The Access Charge is a fixed monthly fee (or fixed monthly charge) that electric cooperatives use to recover the essential, non-energy-related costs of delivering power. It is a flat monthly fee on your electric bill that covers the fixed costs of maintaining the electric distribution system. This charge applies regardless of how much electricity a member uses. It is a fair and transparent way to cover fixed costs required to provide reliable electricity. Other utilities sometimes call this fee the Facilities Charge, Service Availability Charge, Customer Charge, or Basic Service Charge.
The cooperative still incurs the same cost to keep your service available, covering expenses like maintaining lines, poles, and meters. The infrastructure must still be maintained and ready to deliver power at any time. Every member benefits from a reliable electric grid, even if they use little electricity. You are paying for access to reliable power, not just the energy you consume.
The Access Charge covers fixed costs for infrastructure that do not vary with energy consumption but are essential for reliable service. These costs include: poles, wires, transformers, meters, substations, metering equipment, fleet vehicles, trucks, tools, and maintenance, administrative support and billing systems, and the labor/personnel to maintain them.
Electric cooperatives are responsible for building and maintaining the entire distribution network that brings power to each member. Co-ops often serve rural regions with fewer meters per mile of line, meaning the cost per member is higher. Rural electric cooperatives have significant fixed costs for infrastructure.
Raising only the variable per-kWh rate would unfairly burden members who use more electricity.
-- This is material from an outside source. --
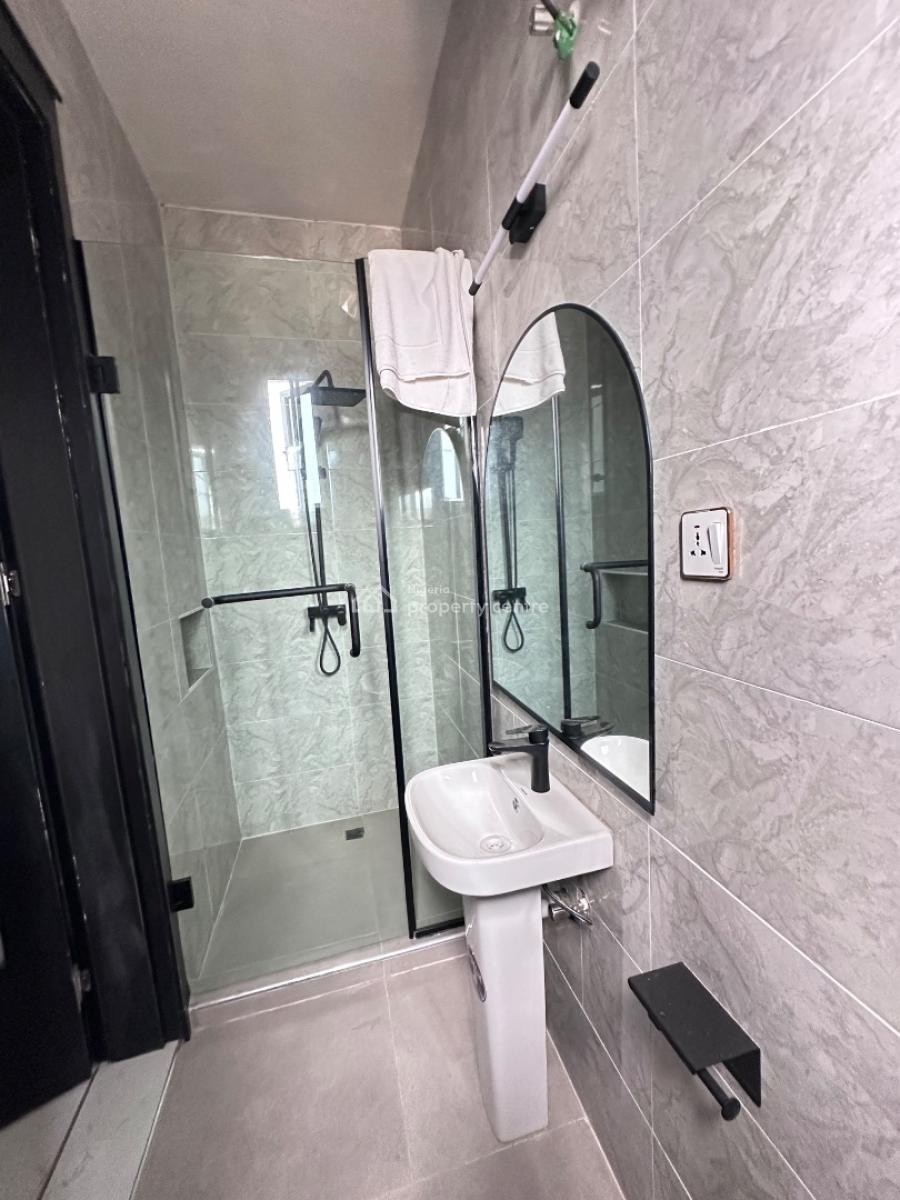 Fully Furnished 2 Bedroom Apartment, Lekki Phase 1, Lekki, Lagos, Flat / Apartment for Rent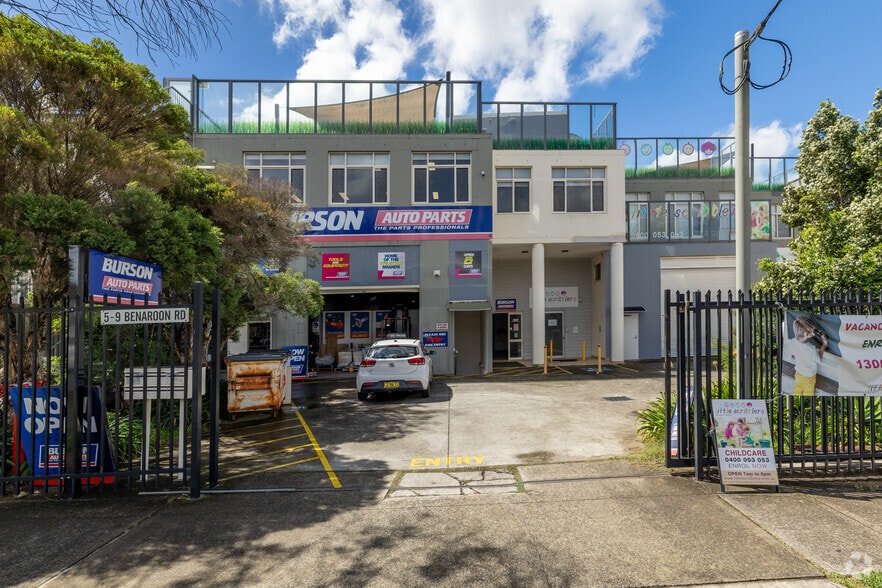 5-9 Benaroon Rd, Belmore à louer - Photo du bâtiment - Image 3 de 4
The Access Charge ensures that every member pays their share of the fixed costs, minimizing cross-subsidization. Collecting fixed charges through a fixed fee ensures financial health and supports reliability.
Raising it is necessary to keep up with rising infrastructure and maintenance costs. Costs for materials, labor, and maintenance have risen significantly. The current Access Charge does not cover a fixed cost deficiency identified in cost-of-service studies. Raising the fee ensures necessary infrastructure investment, reliability, and compliance with financial policy goals. This includes investing in grid modernization, cybersecurity, and storm resilience. Raising the facilities charge also helps avoid unfairly shifting costs to high-usage members.
This structure helps stabilize cooperative finances against market and weather fluctuations. It is a shift to better reflect the true cost of maintaining the grid. This structure decouples sales from revenue, reducing reliance on variable charges, which enables long-term planning and investment in system upgrades for safety and reliability. When the fixed charge keeps up with fixed costs, it reduces the price of energy usage. It helps stabilize energy rates and ensures fairness across all usage levels.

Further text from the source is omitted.